[gclist] Precise GC's performance

boehm.PARC@xerox.com boehm.PARC@xerox.com
Fri, 8 Mar 1996 12:19:41 PST


Darius Blasband writes:

"When the YAFL GC is started, a first mark pass is performed. Then, on all
objects which have been found not to be reachable anymore from the root sets,
the KILL method is applied if defined. No deallocation is performed yet. Hence,
no cycle problem.

Then, a brand new mark pass is performed, and all objects which have been
found unreachable on both of these passes are deallocated.

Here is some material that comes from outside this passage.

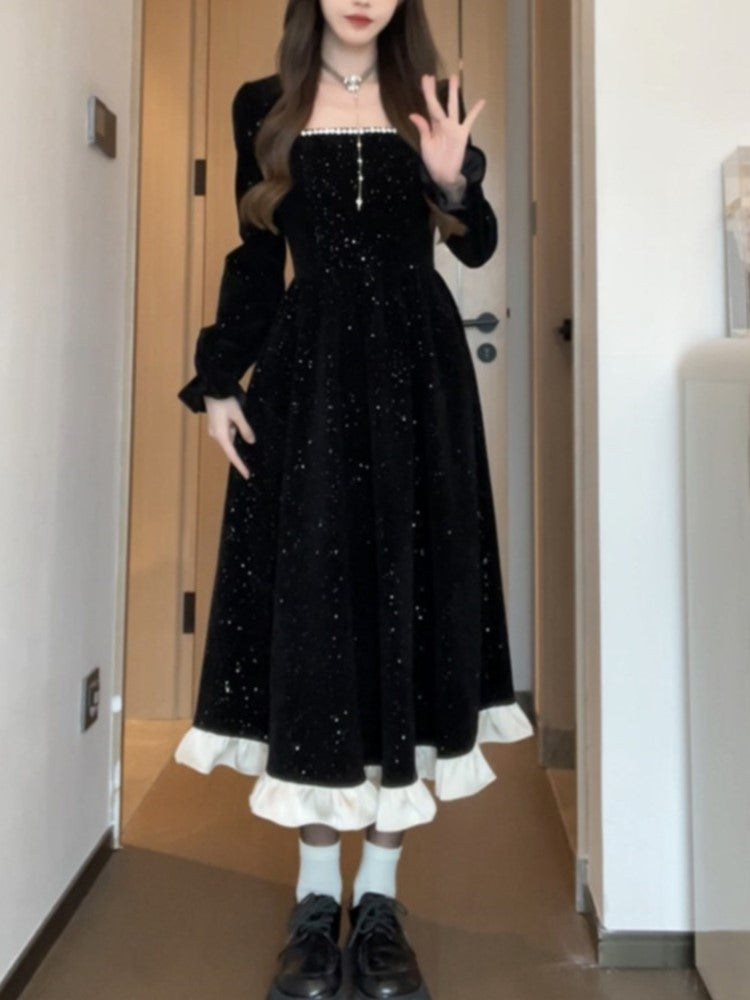 Well Tailored Dress with a Graceful Silhouette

This allows for
"last chance rescue": when a given object is being killed, it can rescue
itself from deallocation by setting an external reference to itself as part
of its KILL method.

I don't know whether such a scheme can be implemented on top of Boehm's
GC. Any clue ?"

I think this is the same procedure that Mark Tillotson proposed.  It has the
advantage that cycles don't inhibit finalization and that you don't get
dangling pointers.  It has the disadvantage that if A refers to B, and both
have finalization code, A may see a version of B that has already been
finalized.  As I argued before, this strikes me as less clean than dealing with
cycles (either by breaking them with a suitable primitive or by separating out
references needed during finalization).  But that may be a matter of taste.

I think there's currently no may to implement this on top of our collector
without making copies of objects.  Adding it would involve a very local and
fairly simple change to the collector code.  (Actually there may be an obscure
way to do it, but modifying the collector would be cleaner.)